TASK STATEMENT:
Print the data below exactly, but only the lines from the one containing "Lågmidjade linnebyxor - Lågmidjade" down to the one containing "Toyota Proace COMBI", inclusive.

DATA TO USE:
----

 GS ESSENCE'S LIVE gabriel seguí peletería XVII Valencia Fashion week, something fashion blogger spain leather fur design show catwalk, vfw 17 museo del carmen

----

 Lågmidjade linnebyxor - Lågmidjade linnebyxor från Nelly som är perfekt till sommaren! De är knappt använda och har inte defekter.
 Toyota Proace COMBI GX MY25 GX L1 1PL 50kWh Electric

----

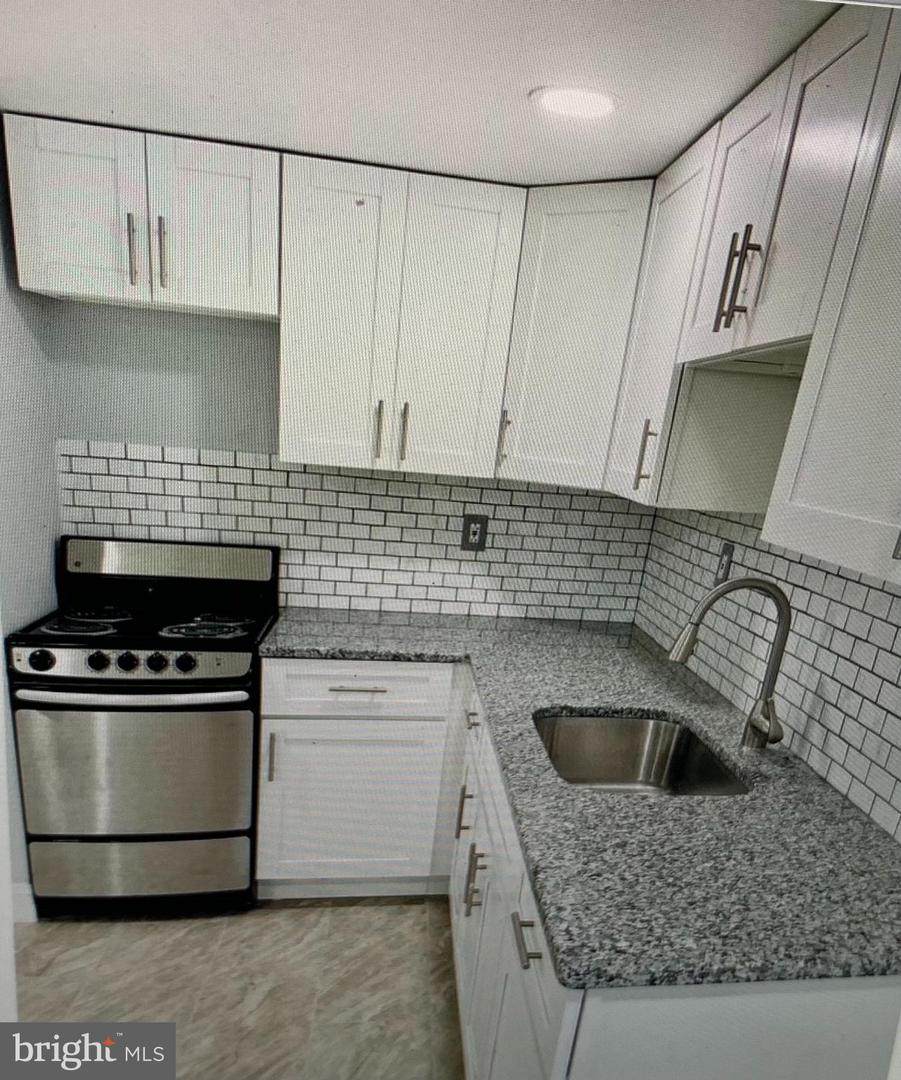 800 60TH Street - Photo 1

----

RESULT OF THIS EXERCISE:
 Lågmidjade linnebyxor - Lågmidjade linnebyxor från Nelly som är perfekt till sommaren! De är knappt använda och har inte defekter.
 Toyota Proace COMBI GX MY25 GX L1 1PL 50kWh Electric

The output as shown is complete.